RECORDS SHOWN:
*** Begin section ***
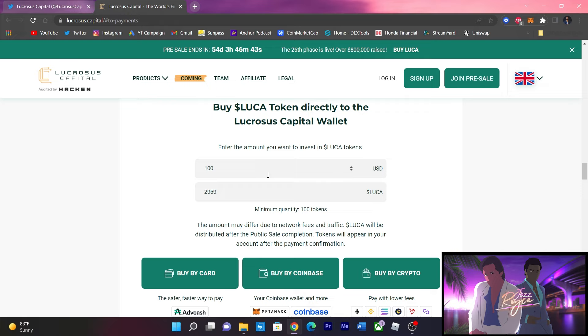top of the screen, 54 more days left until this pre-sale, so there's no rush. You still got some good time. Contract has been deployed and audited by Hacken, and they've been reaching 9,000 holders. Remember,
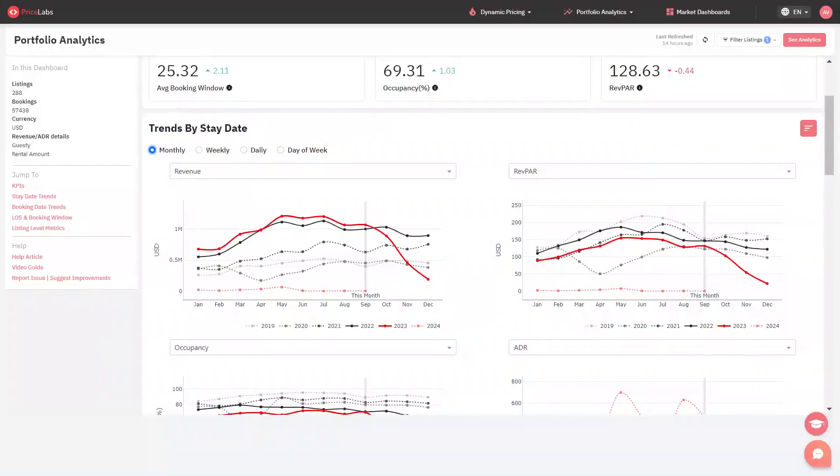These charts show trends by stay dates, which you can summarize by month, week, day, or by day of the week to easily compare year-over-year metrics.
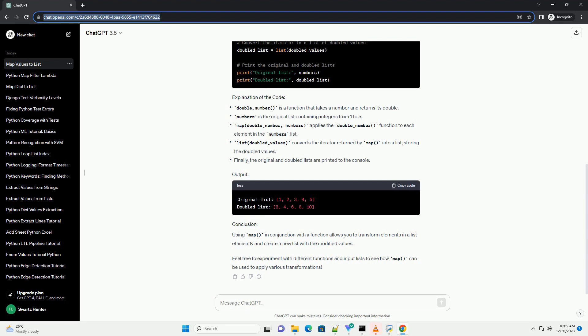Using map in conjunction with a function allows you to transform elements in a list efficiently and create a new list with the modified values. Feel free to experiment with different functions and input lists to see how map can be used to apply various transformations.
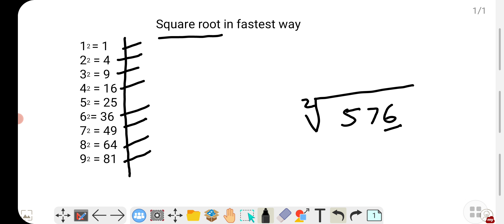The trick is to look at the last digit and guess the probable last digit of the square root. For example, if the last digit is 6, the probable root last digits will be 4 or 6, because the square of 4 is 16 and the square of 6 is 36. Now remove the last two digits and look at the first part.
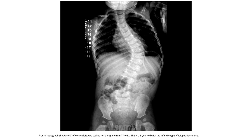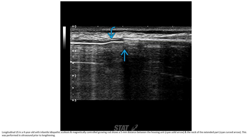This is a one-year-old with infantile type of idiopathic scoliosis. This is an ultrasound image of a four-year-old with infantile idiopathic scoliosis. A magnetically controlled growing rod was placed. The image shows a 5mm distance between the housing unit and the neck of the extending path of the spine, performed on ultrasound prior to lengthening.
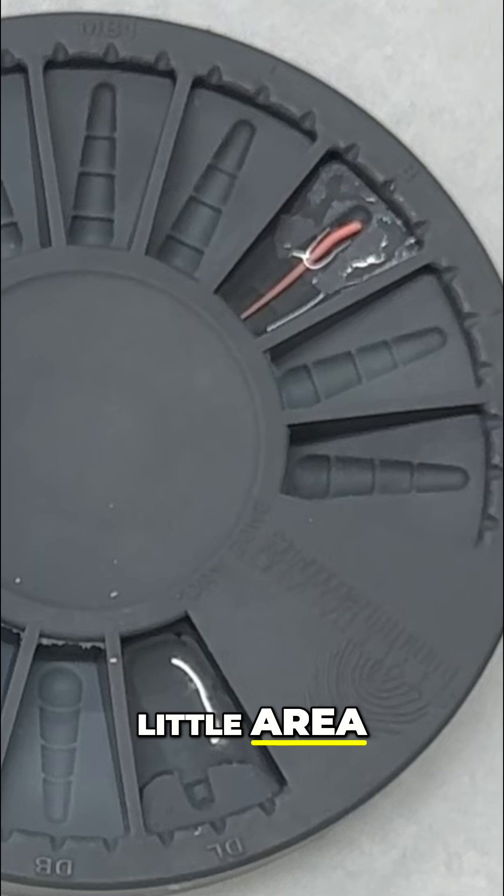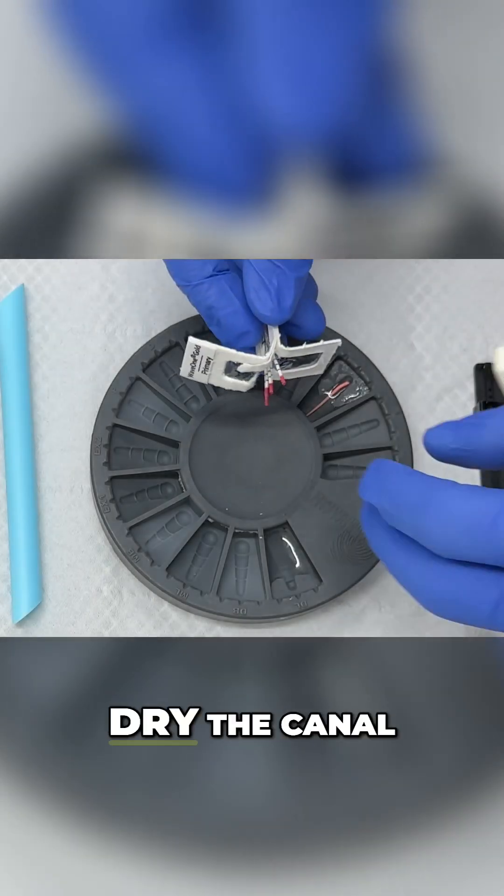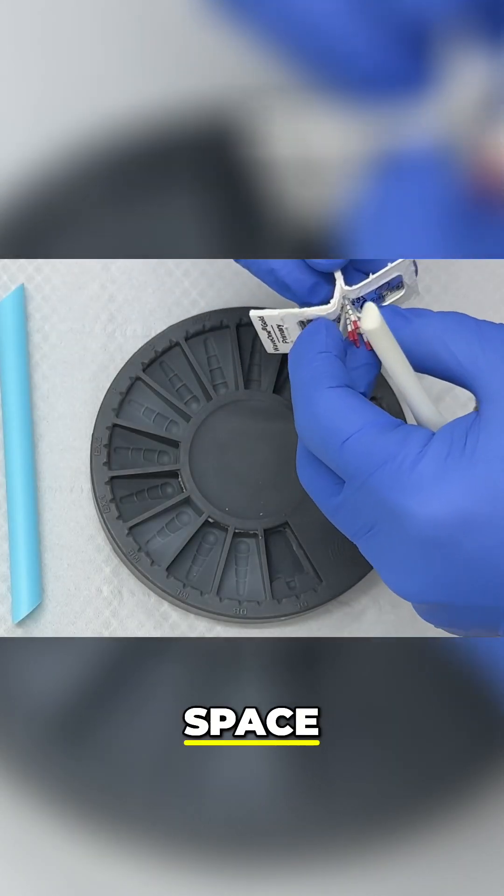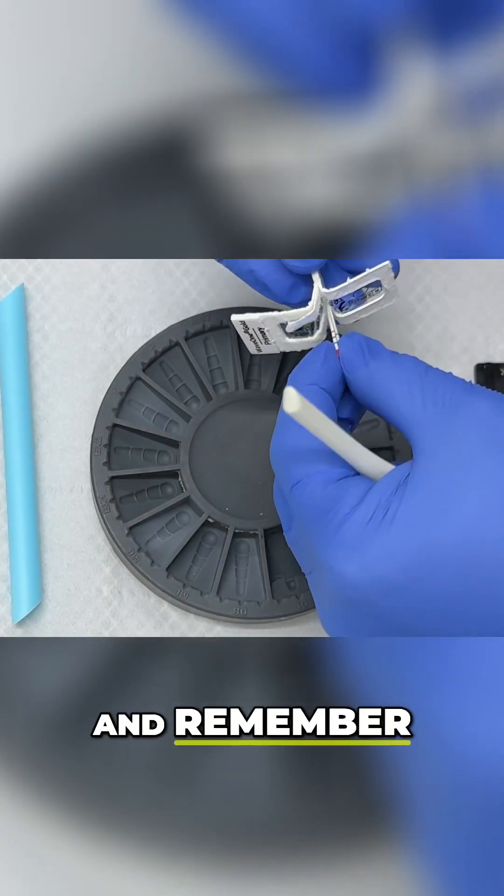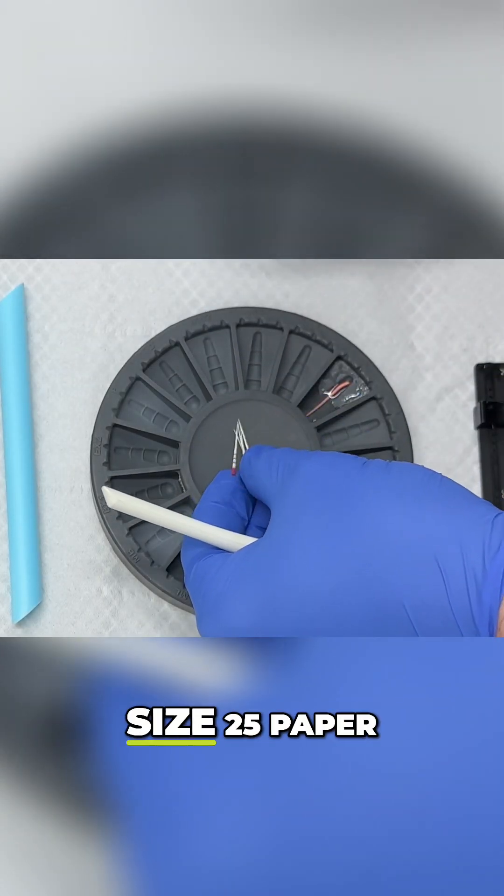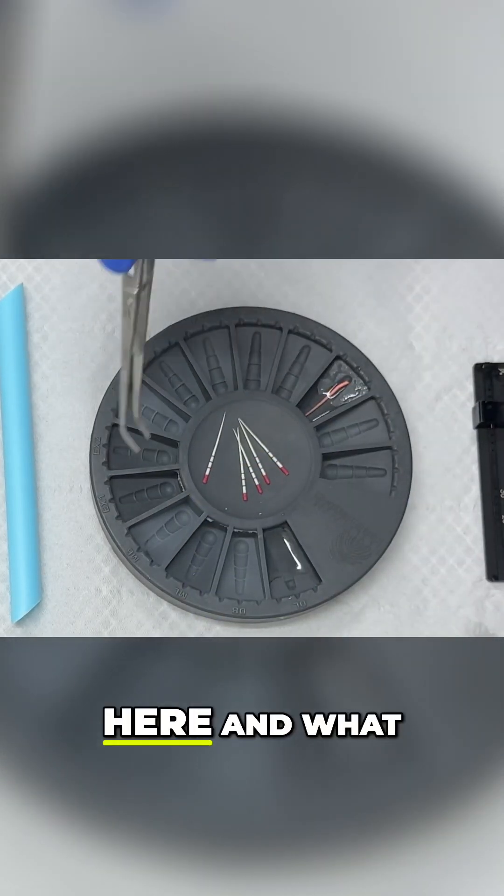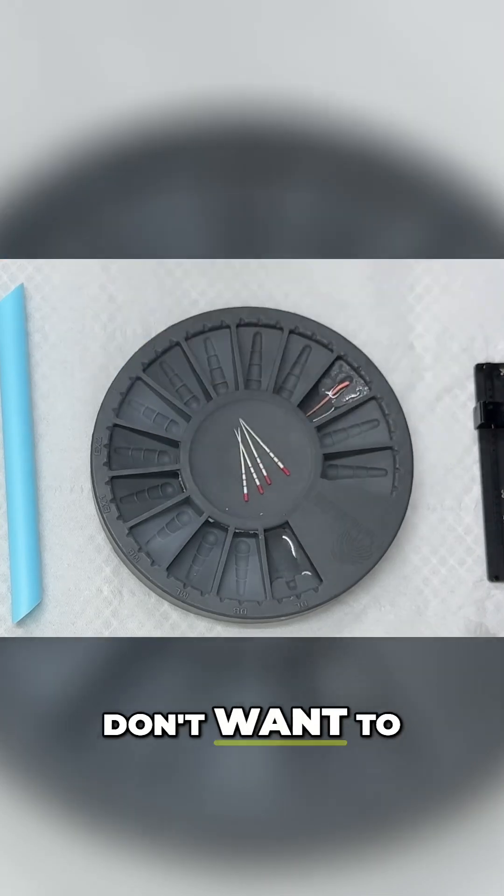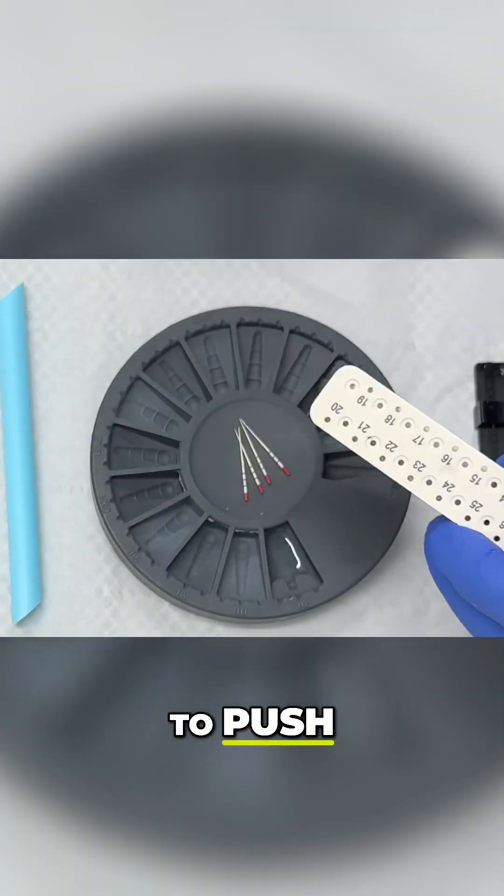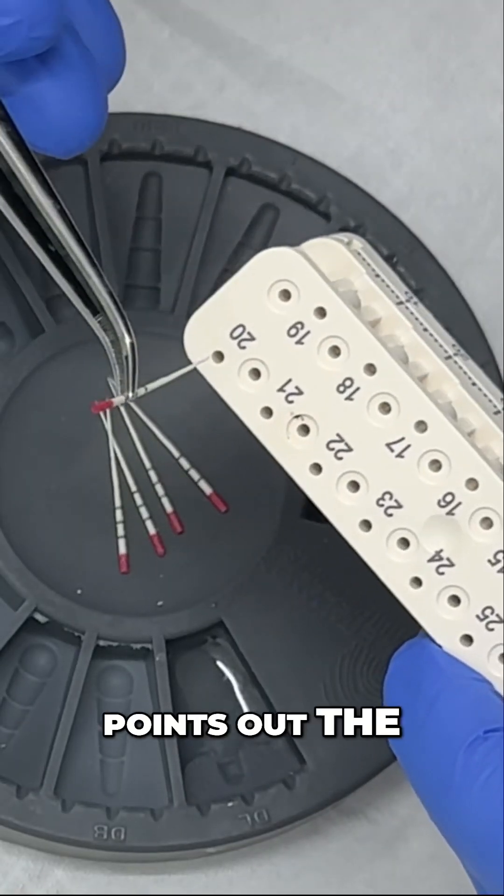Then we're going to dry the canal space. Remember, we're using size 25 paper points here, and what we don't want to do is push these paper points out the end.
*** End section ***
*** Begin section ***
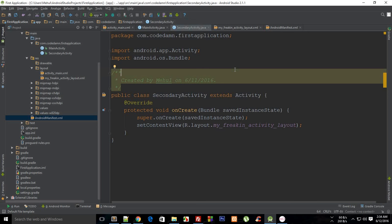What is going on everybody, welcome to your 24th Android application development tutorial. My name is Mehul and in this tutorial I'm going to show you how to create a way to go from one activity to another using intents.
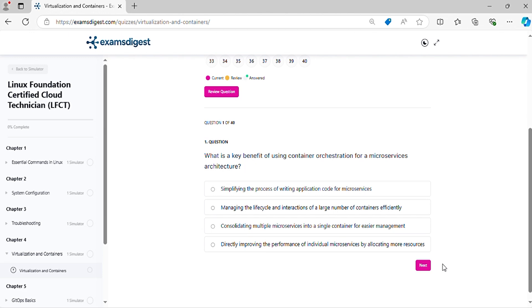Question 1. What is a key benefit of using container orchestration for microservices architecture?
*** End section ***
WORK INSTRUCTION: Only the lines between the one with "top of the screen, 54" and the one with "This is a one-year-old", those two included, get copied from the material above. Keep it exact and free of pictures.

RESPONSE TO THE EXERCISE:
top of the screen, 54 more days left until this pre-sale, so there's no rush. You still got some good time. Contract has been deployed and audited by Hacken, and they've been reaching 9,000 holders. Remember,
These charts show trends by stay dates, which you can summarize by month, week, day, or by day of the week to easily compare year-over-year metrics.
Using map in conjunction with a function allows you to transform elements in a list efficiently and create a new list with the modified values. Feel free to experiment with different functions and input lists to see how map can be used to apply various transformations.
The trick is to look at the last digit and guess the probable last digit of the square root. For example, if the last digit is 6, the probable root last digits will be 4 or 6, because the square of 4 is 16 and the square of 6 is 36. Now remove the last two digits and look at the first part.
This is a one-year-old with infantile type of idiopathic scoliosis. This is an ultrasound image of a four-year-old with infantile idiopathic scoliosis. A magnetically controlled growing rod was placed. The image shows a 5mm distance between the housing unit and the neck of the extending path of the spine, performed on ultrasound prior to lengthening.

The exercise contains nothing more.